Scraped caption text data
____

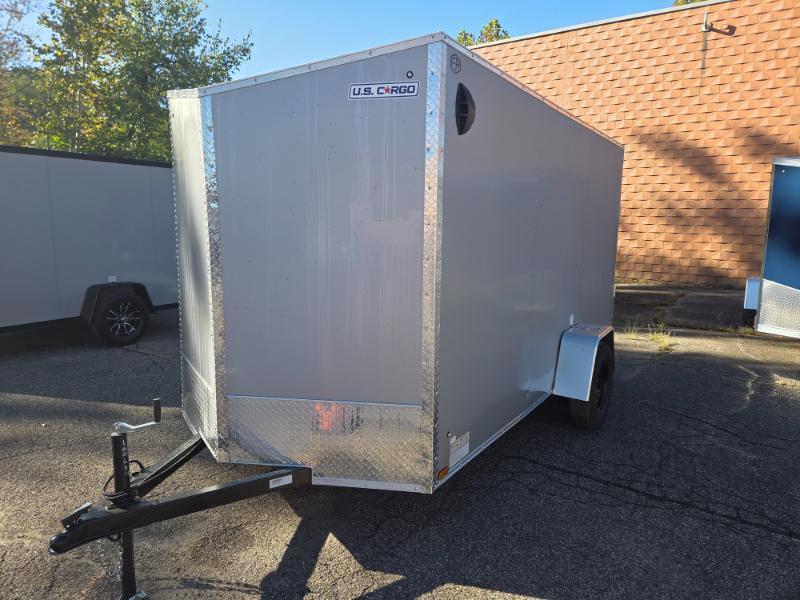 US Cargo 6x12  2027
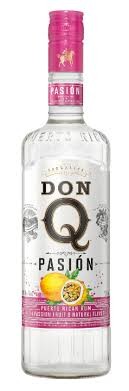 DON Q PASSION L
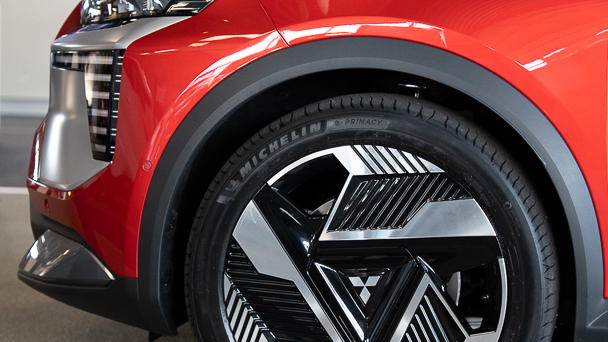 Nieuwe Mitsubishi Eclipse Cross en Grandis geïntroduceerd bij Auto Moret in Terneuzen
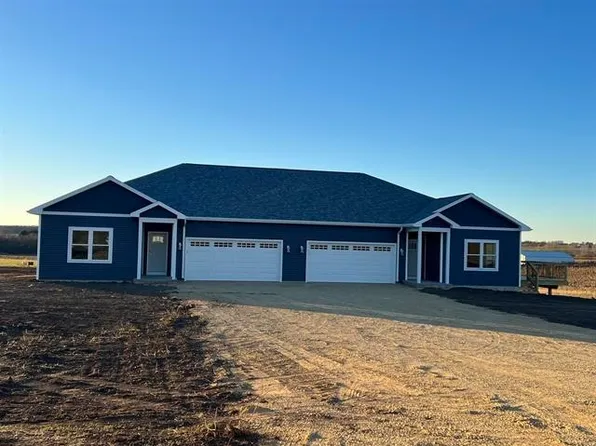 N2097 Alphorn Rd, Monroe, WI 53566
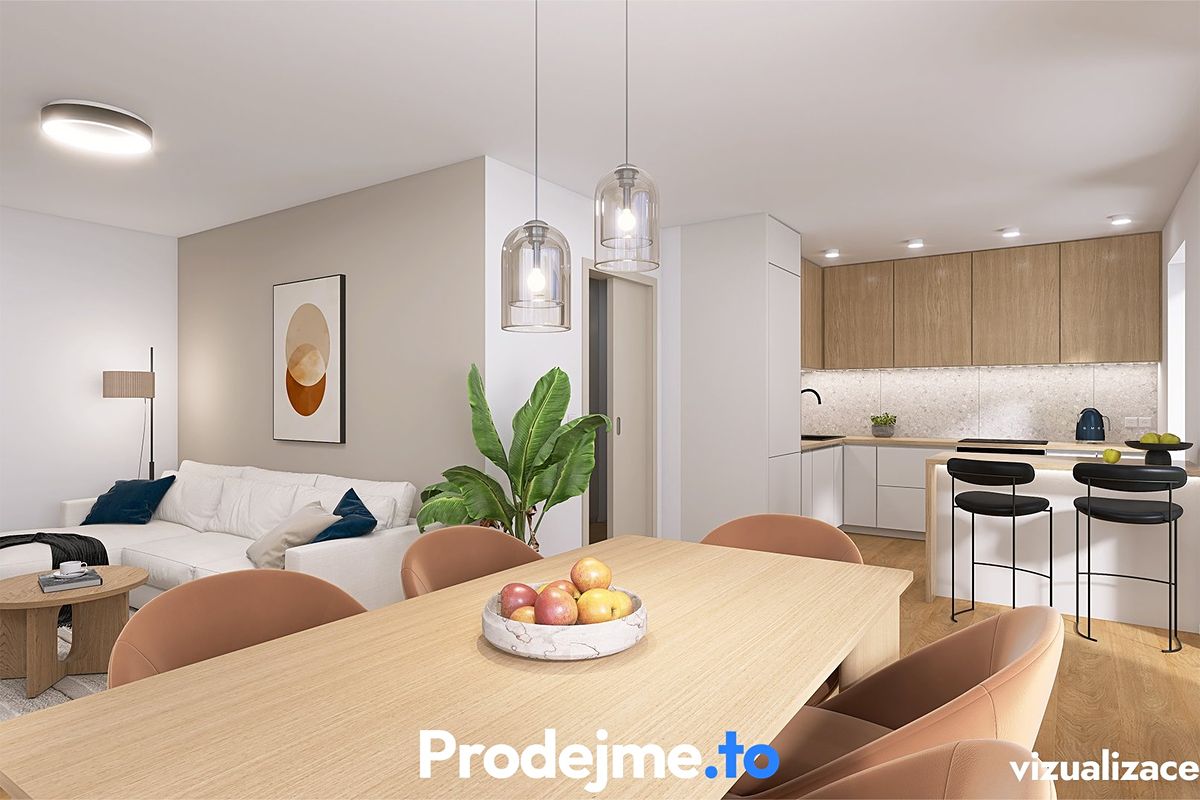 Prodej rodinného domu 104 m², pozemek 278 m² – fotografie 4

____

WORK TO COMPLETE:
Here the job is to print the data above exactly, except for any pictures.

EXERCISE OUTPUT:
 US Cargo 6x12  2027
 DON Q PASSION L
 Nieuwe Mitsubishi Eclipse Cross en Grandis geïntroduceerd bij Auto Moret in Terneuzen
 N2097 Alphorn Rd, Monroe, WI 53566
 Prodej rodinného domu 104 m², pozemek 278 m² – fotografie 4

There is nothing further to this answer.